CapitaLand China Trust and Sasseur Reit have outperformed due to China’s reopening
The Business Times on Tuesday reported that CapitaLand China Trust (CLCT) and Sasseur Reit, the two largest among the five Singapore-listed real estate investment trusts (Reits) with purely China-based assets, currently rank among the top five performers when compared with the rest of the Reits and business trusts.
“CLCT has generated six-month total returns of 11.4% as at 6 March, assuming dividends were reinvested in the security. This is significantly better than the negative 8.6% average total returns from its peers and makes it the top performer among S-Reits over this period’’ said BT, adding that Sasseur’s total return over the same period was 5.3%.
Vijay Natarajan, an analyst at RHB Group, was quoted saying “These two Reits are predominately retail sector-focused and thus among the major beneficiaries of removal of Covid-related restrictions’’.
CGC-CIMB, which has an “add’’ rating on Sasseur with a target price of S$1, said it thinks the post-Covid normalisation would continue to provide Sasseur with tailwinds in the form of improved shopper traffic and tenant sales.
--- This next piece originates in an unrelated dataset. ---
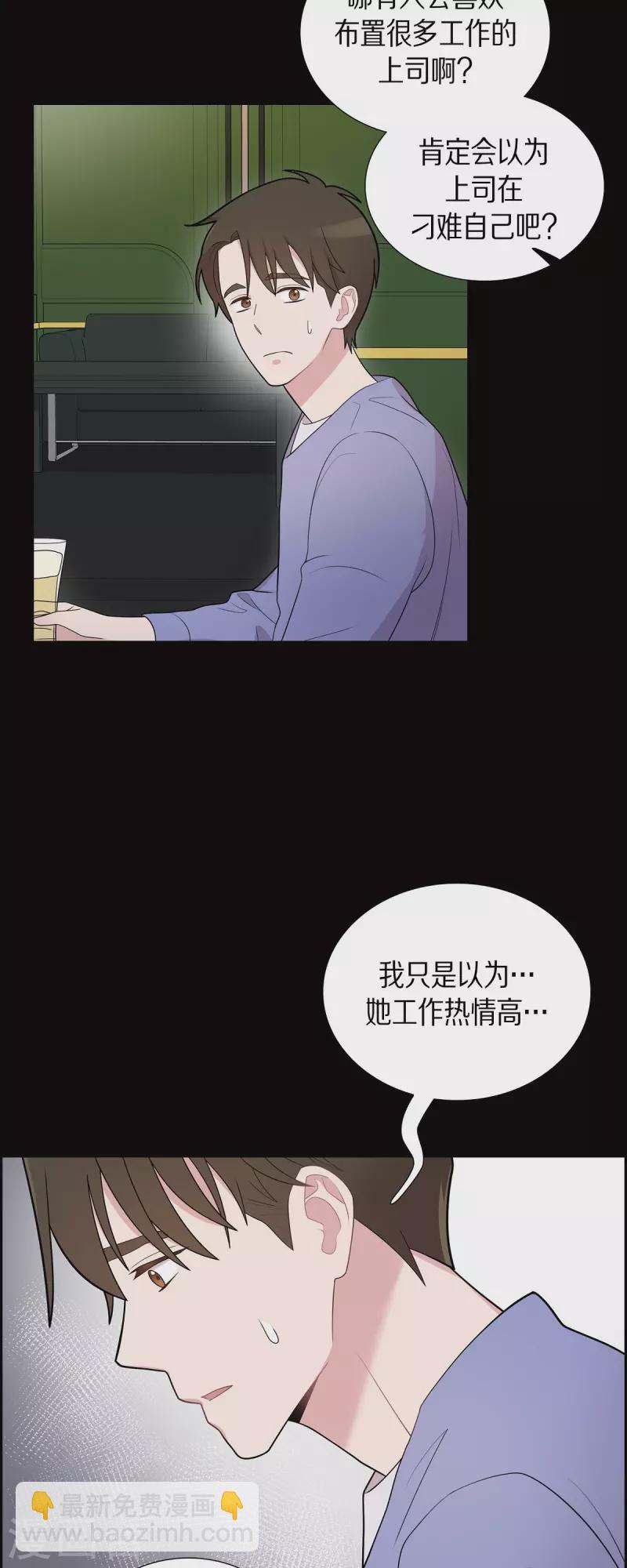 可疑的文科長 - 第57話 現在還不是時候 - 6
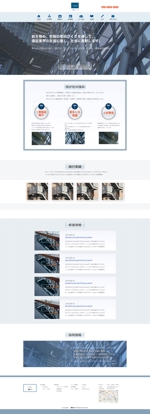 marekusu (hachan-k-dream)さんの鉄製品製造会社のHPリニューアル（日本語版TOPページのデザイン作成）への提案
DBS Group Research has “buy’’ calls on CLCT and Sasseur with target prices of S$1.45 and S$1.05 respectively. CLCT ended the week at S$1.12 while Sasseur closed at S$0.76.
Singapore’s growth and inflation forecasts remain largely unchanged
The latest quarterly survey of private sector economists conducted by the Monetary Authority of Singapore has shown that forecasts for Singapore’s full-year growth is 1.9%, barely changed from 1.8% in the previous survey. Core inflation is forecast to be 4.1% from 4% before, while headline inflation is forecast at 5% from 5.2% previously.
The updated expectations remain within official forecast ranges of 0.5-2.5% for growth, and 3.5-4.5% for core inflation.
SIAS met Golden Energy management, asks for exit offer to be “raised considerably’’
The Securities Investors Association (Singapore) or SIAS last week met with the senior management of Golden Energy and Resources (GEAR) and told them that the exit offer for GEAR must be raised considerably for progress to be made on the deal, echoing a call made originally in a 28 Feb letter to GEAR’s Board.
At the meeting, GEAR officials outlined the challenges the company is facing, including limited financing options. They also explained conditions that must be satisfied such as regulatory approvals in Indonesia and Singapore, as well as approvals from independent shareholders of GEAR’s Indonesian-listed majority shareholder Dian Swastatika Sentosa.
However, SIAS’s president and CEO David Gerald noted in a press statement that “The fact that GEAR have to go through their due process to seek approval on the conditions has nothing to do with the settlement of a fair and reasonable price’’.
In particular, Mr Gerald said GEAR shareholders strongly maintain their view that the current exit offer price of S$0.16 per share is too low because it significantly undervalues GEAR’s stake in Australia-listed Stanmore Resources.
SIAS will be organising a dialogue session between GEAR’s Board and senior management with shareholders once the offer circular is despatched.